We have known for 5 years this would be peaceful. George Clooney, of course, didn’t. And that’s understandable. There just wasn’t enough drama to hold his audience.
Exact and official results will be announced in about 4 weeks, as planned. But one of the most reliable sources of news from Khartoum, the Sudan Tribune, published a photo today of Mohamed Ibrahim Khalil, the north’s pivot man for the referendum, announcing to the press that the outcome was for succession.
There were dozens of foreign election observers, and every single one of them has validated the process “peaceful and credible.”
The south, which is much more open and transparent, is being polite to its soon-to-be discarded motherland, by not officially releasing the exact numbers until the north does.
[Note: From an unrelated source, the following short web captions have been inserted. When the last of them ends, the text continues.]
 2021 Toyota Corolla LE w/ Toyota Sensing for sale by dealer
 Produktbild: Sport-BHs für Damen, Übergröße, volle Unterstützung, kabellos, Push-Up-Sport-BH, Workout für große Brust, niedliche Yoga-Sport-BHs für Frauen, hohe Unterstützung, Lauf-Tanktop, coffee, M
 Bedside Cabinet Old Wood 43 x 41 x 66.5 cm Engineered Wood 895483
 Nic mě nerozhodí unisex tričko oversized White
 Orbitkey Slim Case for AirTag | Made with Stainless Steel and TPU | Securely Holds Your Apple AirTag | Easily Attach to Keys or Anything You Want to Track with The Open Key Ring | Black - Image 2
But it is widely believed that over 60% of the qualifying plebiscite voted, and that nearly 70% of both the north and south will have voted for succession, perhaps as much as 95% of the voters in the south doing so.
About 50 people were killed during the week of voting, although not even these casualties in the now disputed Abyei oil-producing region can be linked directly to the referendum itself. It seems as I’ve written earlier that the dispute between two militias was actually about who would be allowed to vote in another referendum to be held in this region some time in the future.
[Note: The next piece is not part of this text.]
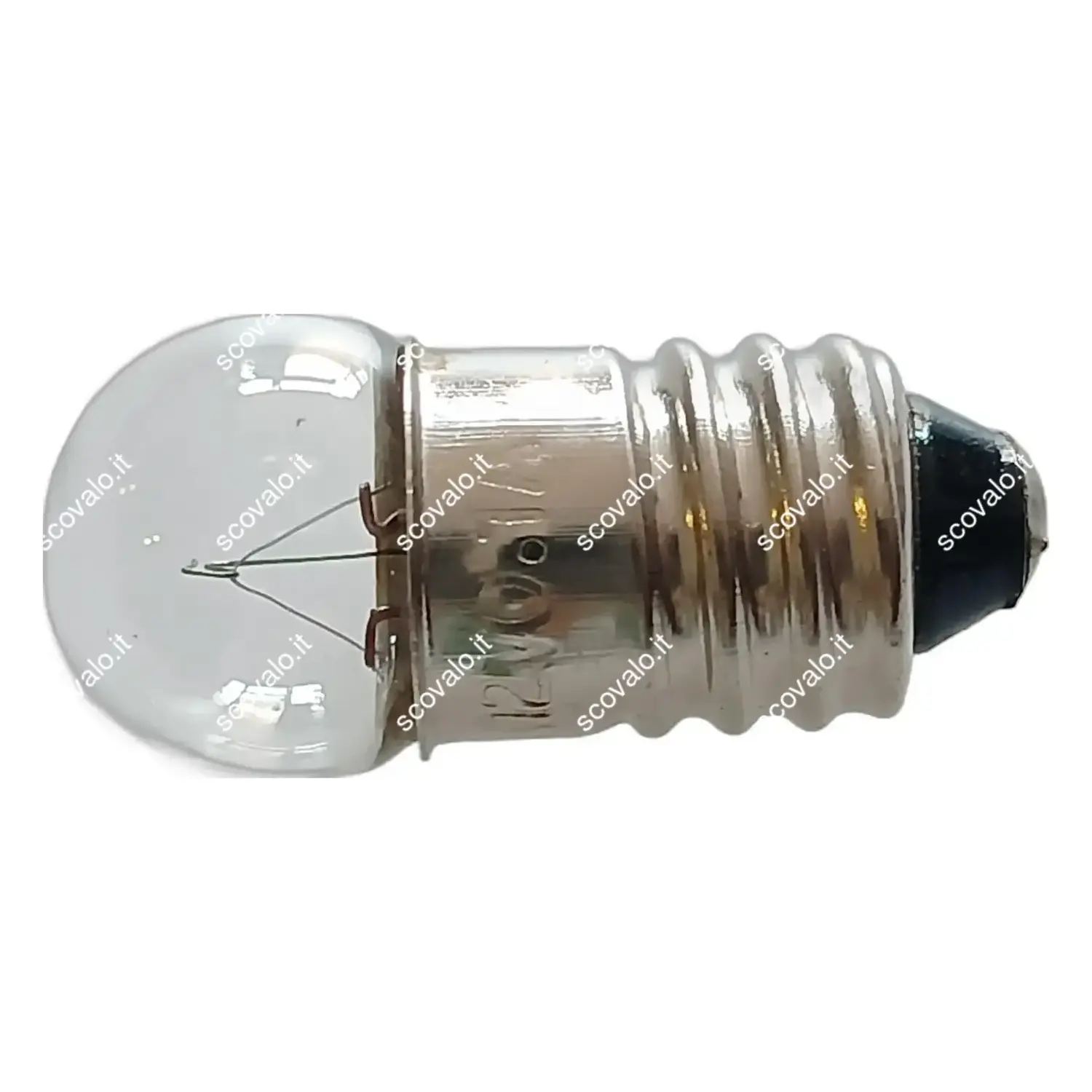 immagine lampadina globulare sferetta chiara modellismo presepe e10 1,20 watt 12 volt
Creating two countries out of one is not easy. “The Sudan” has been more or less in tact since 1899. The two sides have been unable to demarcate the actual border, precisely because they have been unable to apportion the rich oil reserves that exist there.
But The New York Times headline, “Roots of Bitterness in a Region Threaten Sudan’s Future” is just another over statement of the current situation, with little credit to the good reporting The Times has otherwise managed from the region. The conflict in Abyei is more akin to a gang war in Watts than a war between the U.S. and Mexico, which is how The Times and others are characterizing it.
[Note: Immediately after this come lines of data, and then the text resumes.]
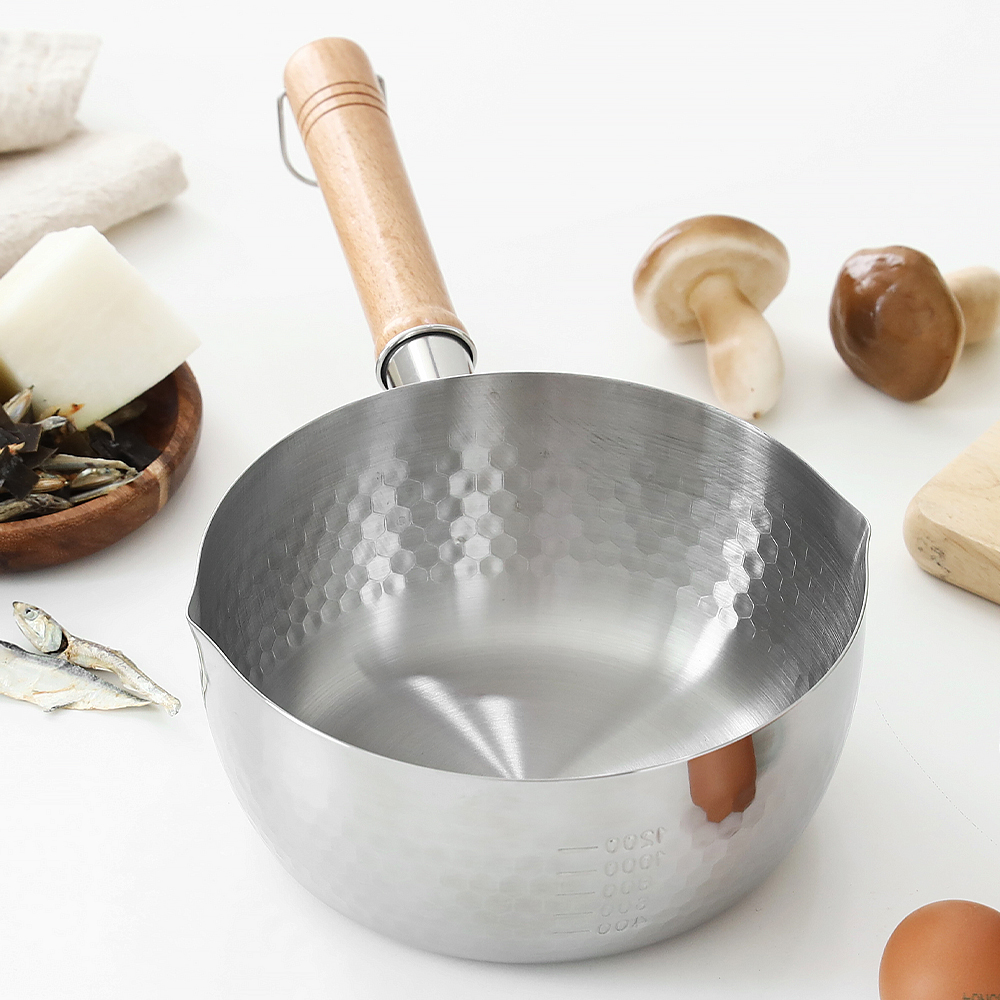 IH 인덕션 스텐 라면 냄비 18CM 곰보 함마톤 편수 - 상세 이미지 2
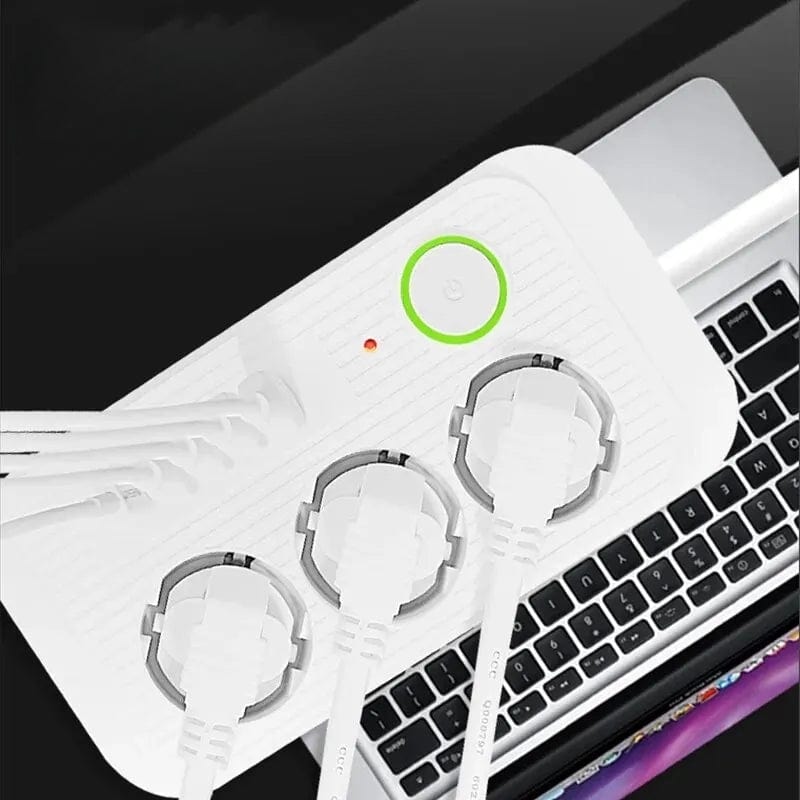 High Tech France™ Multiprise 3 prises avec interrupteur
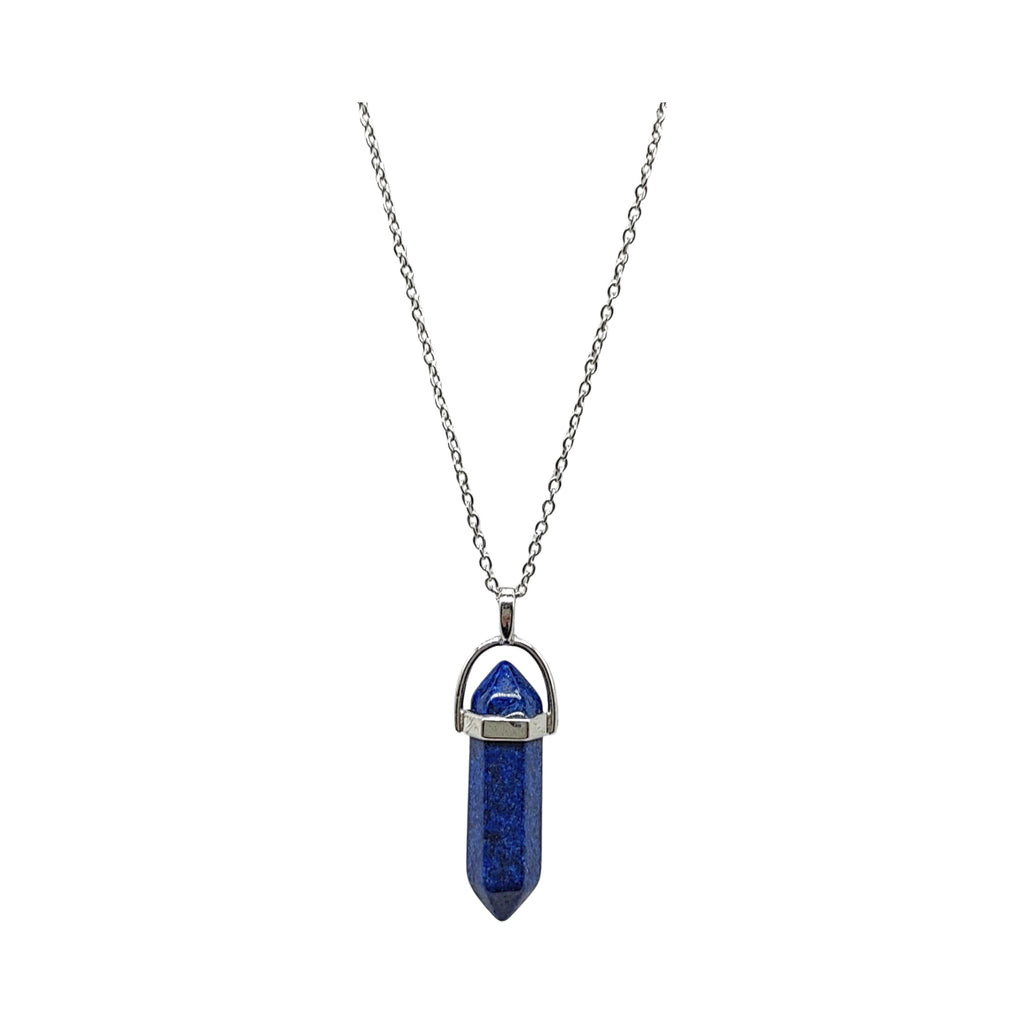 Necklace -Sodalite -Pointed -Sodalite -Aromes Evasions 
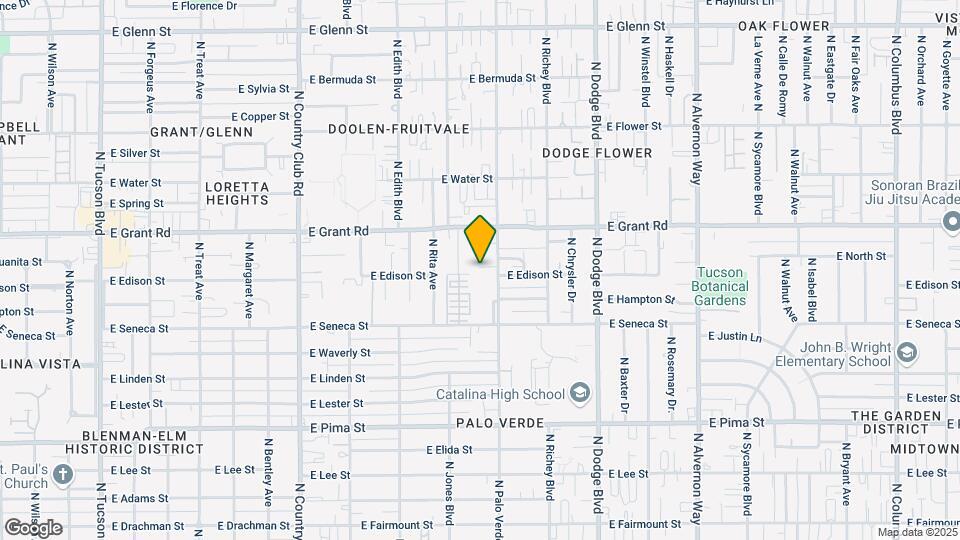 2315 N Palo Verde Map and Location Details
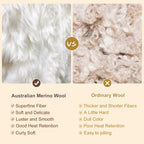 YOUR MOON Pure Merino Wool Blanket Twin Size 100% Australian Natural Wool Bed Blanket, Washable Wool Blanket Throw, Hypoallergenic- Non-Itchy Or Scratchy Fabric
Another problem will be the flood of new immigrants into the South, although even that has been steadily occurring for some time.
There are many more positive components of this whole process. Basically, a five-year transition has been on-going. When this peace deal was signed five years ago, separation at that point was a given.
And while Khartoum may ultimately fiddle the numbers to save what little face it can, there’s no doubt the north will validate the result. The important point here, really, is that this was predictable, as so many of us were saying again and again.
But the voices of the little people on the street mean less when the predicted outcome is good and peaceful.
Thank you, Jimmy Carter. And George, I love your movies.